* [Required work]
Pictures excluded, please transcribe exactly the lines from the one with "16U, wersja ciężka" through the end of the records below, and nothing more.

* [Stored data]
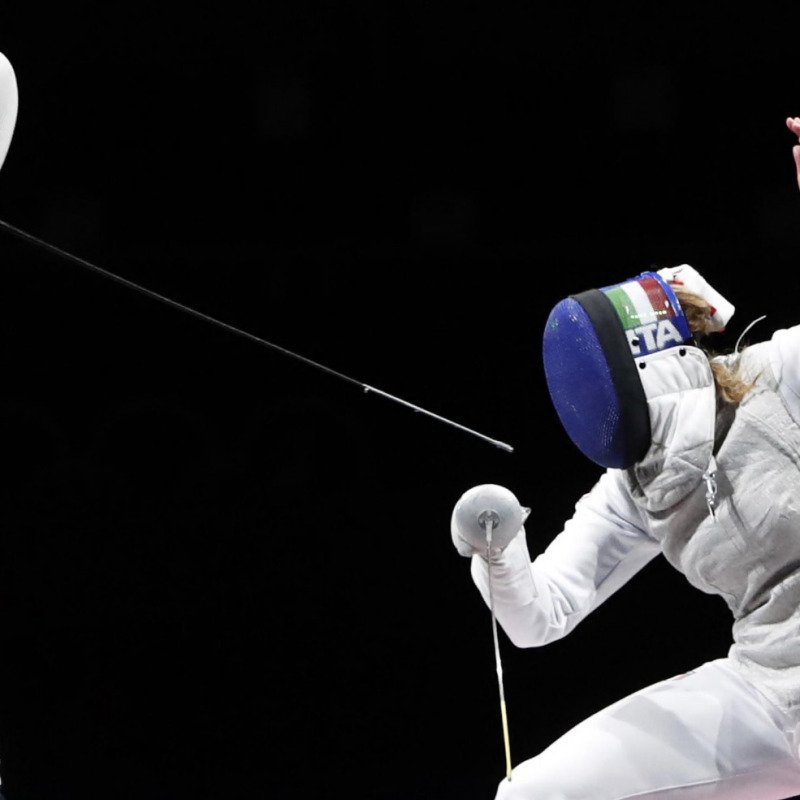 La russa Larisa Korobeynikova all'attacco contro l'Italiana Alice Volpi nella finale per il bronzo persa dall'azzurra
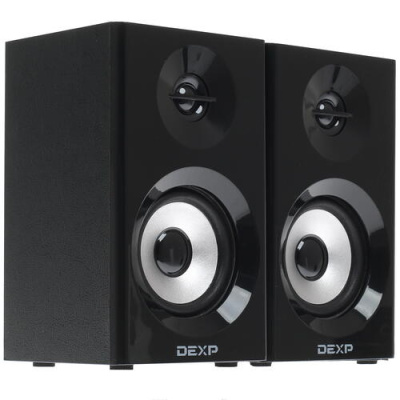 Звуковые колонки DEXP R350 2.0, 2х6Вт, материал дерево, питание 220В, черные
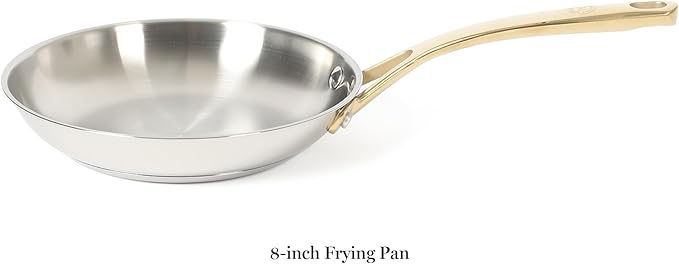 Martha Stewart Castelle 8-Inch Stainless Steel Frying Pan with Gold-Tone Handle – Tri-Ply Encapsulated Bottom, Oven Safe & Induction Safe Skillet for Searing and Sautéing - Image 3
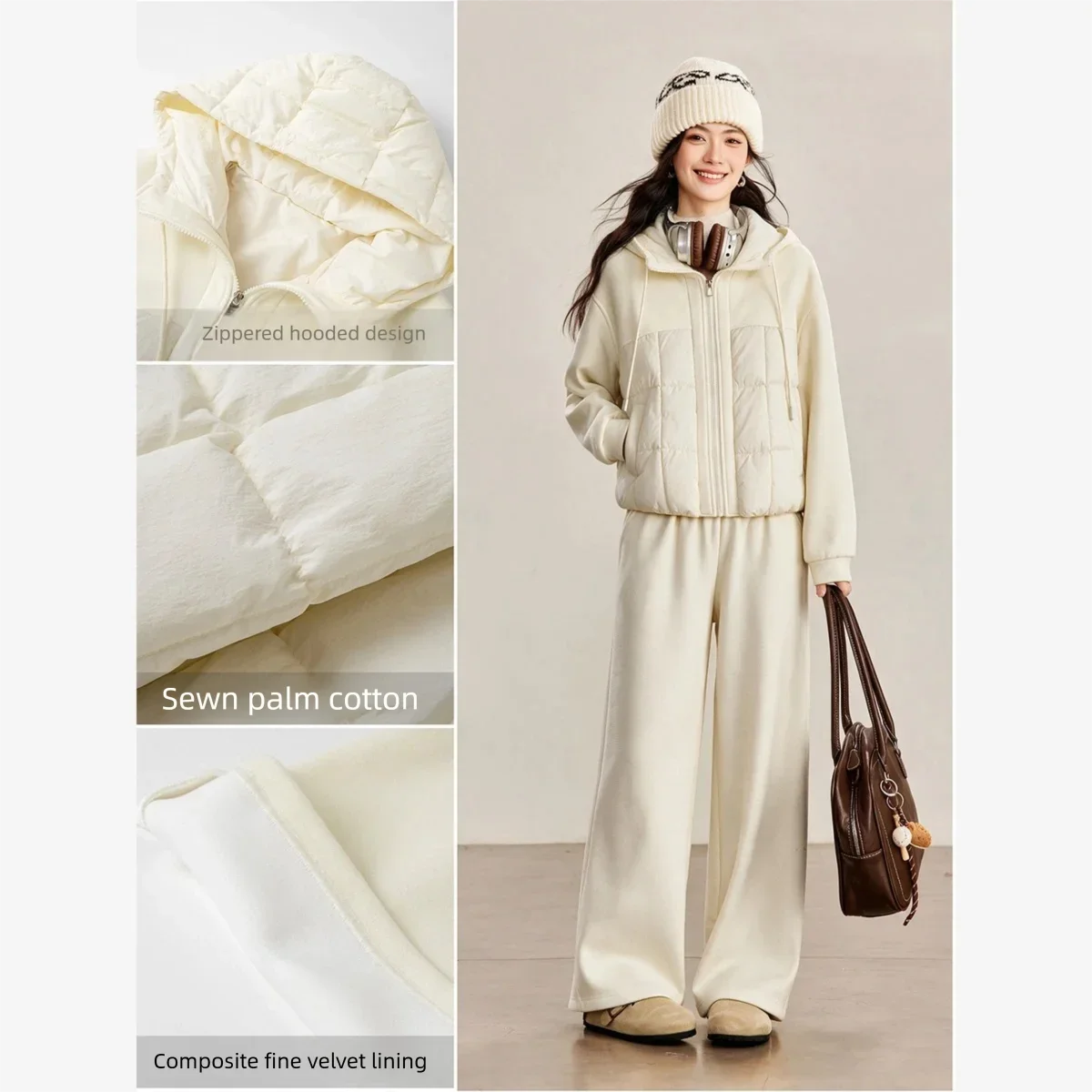VIMLY Casual Two-piece Set for Women 2026 Winter New Hooded Jacket Wide Leg Baggy Pants Fashion Matching Outfit Female 31986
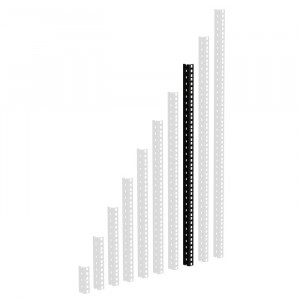 Adam Hall 19" Parts RACK RAIL 16 BLACK - Szyna rack, czarna, 16U, wersja ciężka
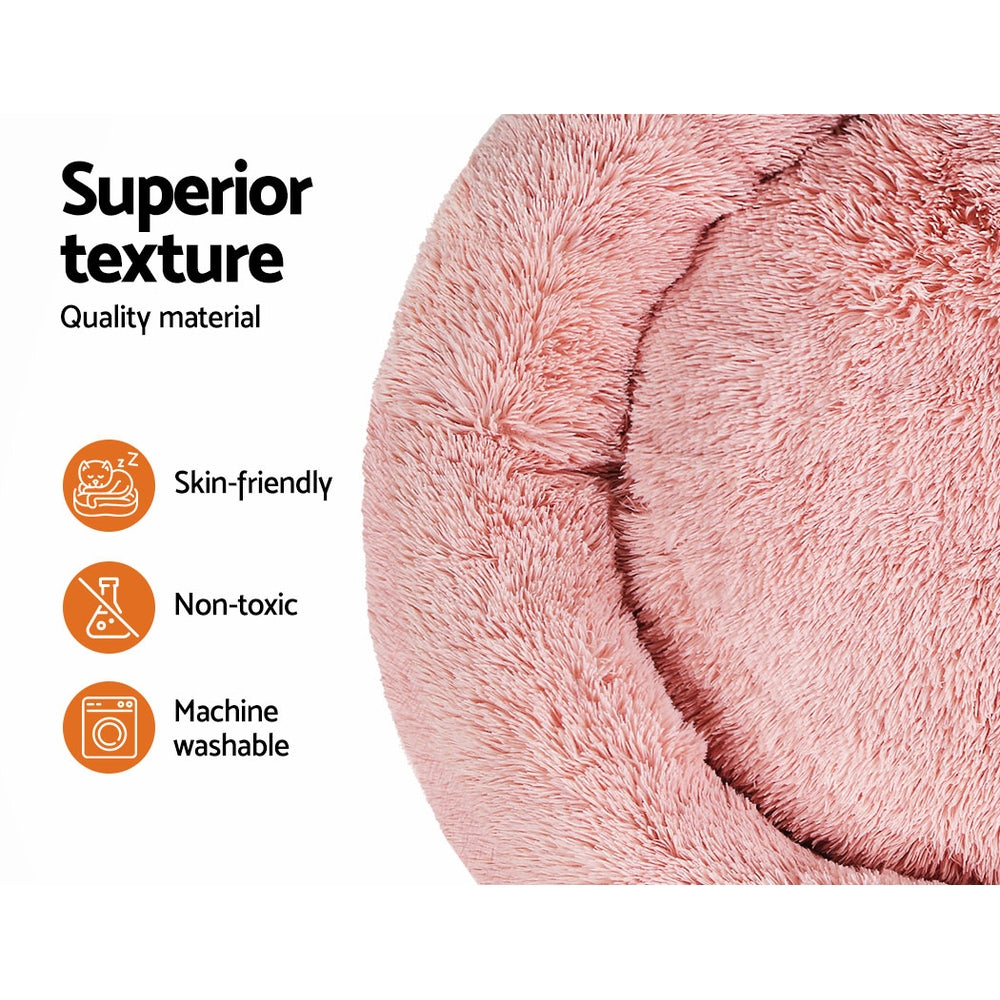 Marlook Pet Bed Dog Cat 110cm Calming Extra Large Soft Plush Pink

* [Answer box]
 Adam Hall 19" Parts RACK RAIL 16 BLACK - Szyna rack, czarna, 16U, wersja ciężka
 Marlook Pet Bed Dog Cat 110cm Calming Extra Large Soft Plush Pink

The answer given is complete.